Kemudian, lanjutnya, penahanan dilakukan jika tersangka berupaya melarikan diri, melakukan ulang tindak pidana, menghilangkan alat bukti, memberikan informasi tidak sesuai fakta, dan menghambat proses pemeriksaan.
“Jadi ya kalau di KUHAP Orde Baru, orang itu bisa ditahan hanya dengan tiga kekhawatiran. Satu, khawatir melarikan diri, khawatir menghilangkan alat bukti, khawatir mengulangi tindak pidana yang pemenuhannya unsur yang subjektivitasnya hanya ada pada penyidik,” tuturnya.
“Nah, kalau yang di KUHAP baru ini sangat objektif, sangat bisa dinilai gitu loh,” sambungnya.
Menurutnya, dalam KUHAP baru ini Roy Suryo cs dapat mengajukan restorative justice untuk menyelesaikan kasus yang menjeratnya.
“Ya kalau menurut standar KUHAP baru, Roy Suryo cs penanganan kasusnya bisa dengan restorative justice. Tapi di KUHAP Orde Baru itu enggak diatur gitu loh,” ucapnya.
Selain itu, kata Habiburokhman, dengan KUHAP versi Orde Baru itu Roy Suryo cs berpeluang ditahan secara sewenang-wenang.
“Kalau menurut KUHAP baru ya terhadap Roy Suryo dan kawan-kawan itu sangat sulit untuk dikenakan penahanan karena syaratnya sangat objektif. Hampir enggak mungkin ditahan. Orang-orangnya jelas semua, enggak lari dan lain sebagainya.

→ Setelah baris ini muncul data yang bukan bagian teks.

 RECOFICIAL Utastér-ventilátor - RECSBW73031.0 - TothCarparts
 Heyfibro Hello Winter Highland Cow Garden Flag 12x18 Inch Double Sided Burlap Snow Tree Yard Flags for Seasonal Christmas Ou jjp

Tapi kalau menurut KUHAP Orde Baru ada peluang dia ditahan sewenang-wenang Pak Roy Suryo dan kawan-kawan ini,” tuturnya.
Dalam Rapat Paripurna DPR RI ke-8 masa persidangan II Tahun Sidang 2025-2026, Selasa (18/11/2025) hari ini, DPR RI resmi mengesahkan Rancangan Kitab Undang-Undang Hukum Acara Pidana (RKUHAP) menjadi undang-undang. Pengesahan dilakukan setelah delapan fraksi di Panitia Kerja (Panja) Komisi III DPR dan pemerintah sepakat membawa pembahasan RKUHAP ke tingkat II untuk disahkan menjadi undang-undang.
Rapat ini dipimpin oleh Ketua DPR RI Puan Maharani, didampingi Wakil Ketua DPR Sufmi Dasco Ahmad, Cucun Ahmad Syamsurijal, Adies Kadir, dan Saan Mustopa. Rapat Paripurna DPR ini juga dihadiri oleh Menteri Hukum (Menkum) Supratman Andi Agtas, Wakil Menteri Sekretaris Negara (Wamensesneg) Bambang Eko Suhariyanto, dan Wamenkum Edward Omar Sharif Hiariej.
Adapun pengesahan ini dilakukan meskipun berbagai elemen masyarakat menyatakan penolakan terhadap RKUHAP. Sejumlah organisasi yang tergabung dalam Koalisi Masyarakat Sipil untuk Pembaruan KUHAP menilai sejumlah pasal dalam rancangan tersebut berpotensi membuka ruang penyalahgunaan kewenangan oleh aparat penegak hukum. Koalisi menyebut pengaturan soal penggeledahan, penyitaan, dan penyadapan dalam draf RUU KUHAP memberi celah manipulasi dan rekayasa kasus.
“Potensi rekayasa oleh aparat akan semakin tinggi dan mengakibatkan korban tak bersalah rawan berjatuhan,” tulis pernyataan Koalisi dalam undangan aksi yang digelar pada Selasa (18/11/2025).
Menurut Koalisi, penguatan kewenangan penyidik dalam draf tersebut juga membuka ancaman terhadap kebebasan sipil, terutama terkait privasi dan hak warga negara untuk bebas dari tindakan sewenang-wenang.